Should Private Equity Belong in Your 401(k)? Buffett and Munger Had Doubts

July 16, 2025

There’s growing momentum — including regulatory support — to allow private equity (PE) investments inside 401(k) plans. Advocates say these private funds offer potential for higher returns and portfolio diversification. But before embracing this trend, it’s worth revisiting what Warren Buffett and the late Charlie Munger — arguably the greatest investors of our time — had to say about private equity.

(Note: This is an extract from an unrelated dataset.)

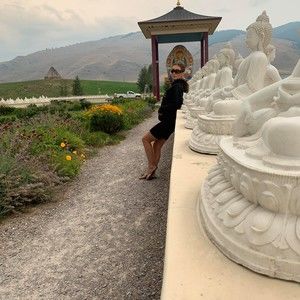 Meet your Posher, Carla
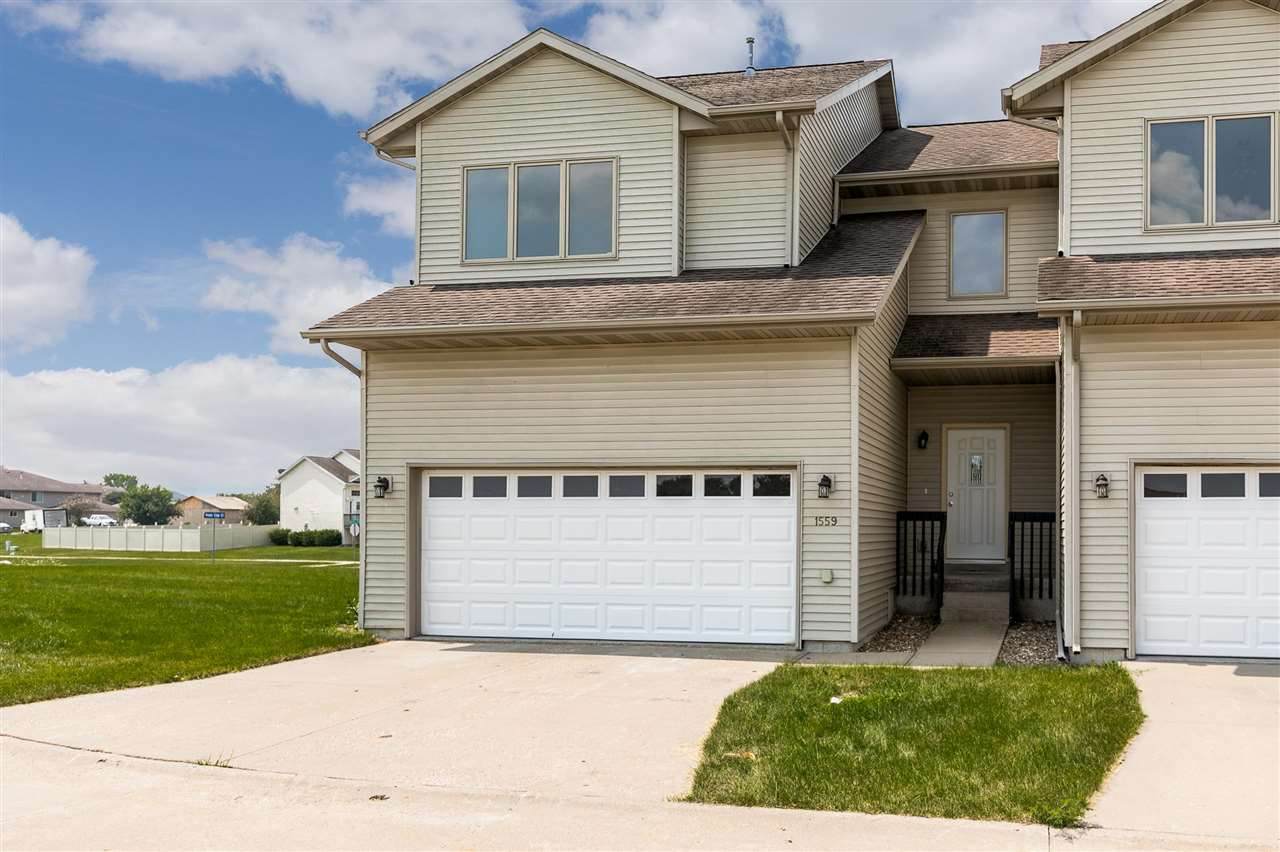 1559 Ponds Edge Ct - Photo 1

Spoiler: They weren’t fans.

In his 2020 Berkshire Hathaway shareholder letter, Buffett criticized the industry’s lack of transparency:

“When a pension fund manager or a college endowment manager talks about ‘private equity,’ they may be talking about valuations that are highly subjective... They’re very dependent on what managers report, and that can be manipulated.”
— Warren Buffett, 2020 Source: Berkshire Hathaway Shareholder Letter

Munger, never one to mince words, took it further in a 2019 Daily Journal meeting:

“Private equity buys things, leverages them up, pays themselves a lot of fees and sells them to somebody else. It's a compensation scheme masquerading as an asset class.”
— Charlie Munger, 2019 Source: CNBC / Daily Journal Annual Meeting

Their critiques generally centered on three key concerns:

1. Opaque Valuations

Unlike public stocks with daily market prices, private equity assets are often valued using internal models, not actual market transactions. This “mark-to-model” approach can obscure risk and overstate returns.

2. High Fees

The traditional private equity fee model — “2 and 20” (2% management fees plus 20% of profits) — can significantly erode returns over time, particularly when compared to low-cost index funds that Buffett and Munger championed.

3. Illiquidity

Private equity investments typically involve multi-year lockups, making them highly illiquid. That’s a poor fit for the daily liquidity and portability requirements of most 401(k) participants.

What Changed?

In 2020, the Department of Labor issued guidance allowing PE exposure within professionally managed asset-allocation vehicles such as target date funds — provided certain disclosures and fiduciary standards are met. Since then, some asset managers have introduced funds with modest allocations to private equity inside 401(k) plans.

The idea is that broadening access to PE can help close the “return gap” between institutional investors and individuals. But with broader access comes broader risk — especially when it involves complex structures, opaque pricing, and steep fees.

The Bottom Line

Private equity may have a place in large institutional portfolios with expert oversight and deep due diligence capabilities. But the average 401(k) saver isn’t a pension CIO — and may be ill-served by exposure to an asset class that two of the greatest investors of all time warned against.

Buffett’s advice still rings true: “Never invest in a business you cannot understand.” That goes double for your retirement plan.